感染症速報詳細

記事日付 20090916
タイトル Aedes albopictus ヒトスジシマカ-フランス:初報告
国名 フランス    
感染症名 Aedesalbopictusヒトスジシマカ
概要 7月にフランス南部に置かれたトラップで、ヒトスジシマカが確認された
和文 http://www.leprogres.fr/fr/region/le-rhone/rhone/article/1973395,184/Le-moustique-vecteur-de-la-chikungunya-decouvert-a-Manissieux.html
The tiger mosquitoとも呼ばれる[_Aedes_] _albopictus_ ヒトスジシマカは、デング熱やチクングニアウイルスのベクターとなる昆虫insect で、温暖な国に広く分布する。2005年、 La Reunion でチクングニアが流行し、5000例以上の患者が発生したことを思い出す人もいるだろう。この病気は、発熱と関節痛を特徴とする。仮にこの種の蚊族がフランス南部に定着していたとしても、今までにフランス国内でチクングニアやデング熱患者が発生したと報告されたことはない。しかしそのことを理由に、the DGS (Directorate of Health 保健局) が全ての道路に沿って行っている、この蚊族の拡大の監視をやめることはない。初めてこの種の蚊族が確認されたのは2009年7月後半で、通常の産卵トラップ oviposition traps のうちの1か所で見つかったものであると、the Interdepartmental Alliance for Mosquito Control. Based in Chindrieux (Savoy サボイ)の生物学者の1人が述べた。この部署は、蚊族の繁殖状況の把握などを担当する。同部署のチームは、蚊族の発生があった5か所(アン Ain, サボア Savoie, オートサボア Haute-Savoie, イゼール Isere, and ローヌ Rhone)に数百のトラップを仕掛けている...これまでのところ、"tiger" [mosquito]が見つかったのは、Aiton, サボア Savoy, Manissieux(リヨン Lyon東部、the Lyon-Chambery motorway)だけである。トラップが置かれているのは、蚊族の分布が広がる道路沿いである。ほとんど場合、すでに数年のうちに急速に分布が広がっているイタリアからの流入であり、ボウフラや卵がトラックやタイヤに溜まった水の中で運ばれてくる。暖かくなって孵化するため、専門家による調査が必要である。自宅付近の水たまりを放置しないよう注意を呼びかけている当局者は、花瓶や植木鉢のような入れ物は、蚊族をおびき寄せると警告している。

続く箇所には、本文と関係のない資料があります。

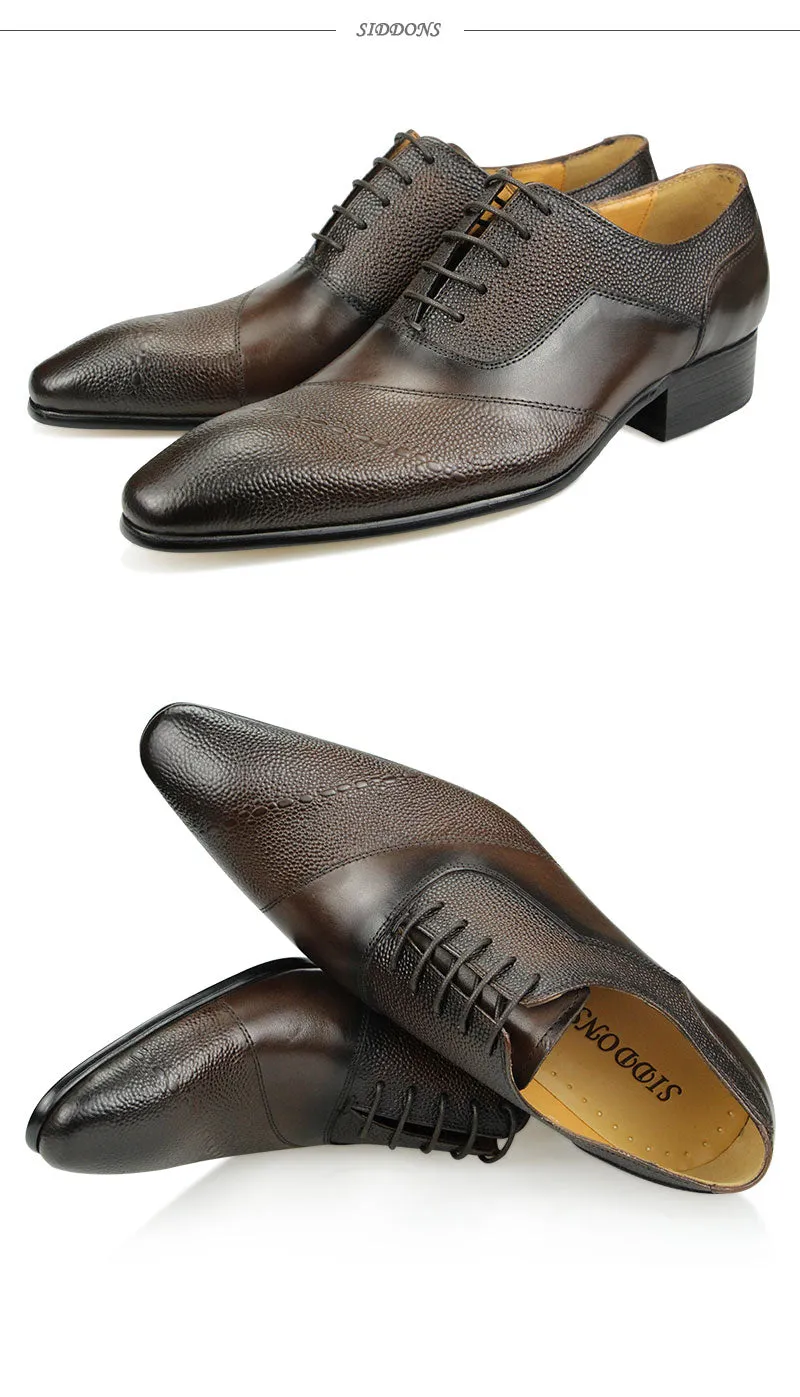 Francis - Dark Academia Dress Oxford Classic Gentleman Style Lace Up Pointed Leather Shoes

[Mod.TY注-_Aedes albopictus_ が、欧州内を北方に向かって分布域を拡大させ、それに伴って、デングやチクングニア、その他のウイルスの感染伝播リスクが生じていることを示唆する報告である。2007年にはイタリア中部でチクングニアウイルス感染が発生したことが報告されている。チクングニアウイルスは、2009年にシンガポールへの旅行者によってフランスに持ち込まれたが、それ以上の感染伝播は生じなかった(20090423.1524)。Professor EA Gould は、チクングニアウイルスの_Aedes albopictus_への適応の重要性を強調する興味深いコメントを行っており、この蚊族が定着している地域に、広範囲な地理的拡大が起きるリスクを指摘している(20080910.2829)。このコメントの中で、_Ae. albopictus_ がデング熱などの他のウイルスのベクターでもあることの重要性が指摘されている。フランスは、 _Ae. albopictus_ establishment(定着)に関して、比較的高いリスクを有している国に分類されている。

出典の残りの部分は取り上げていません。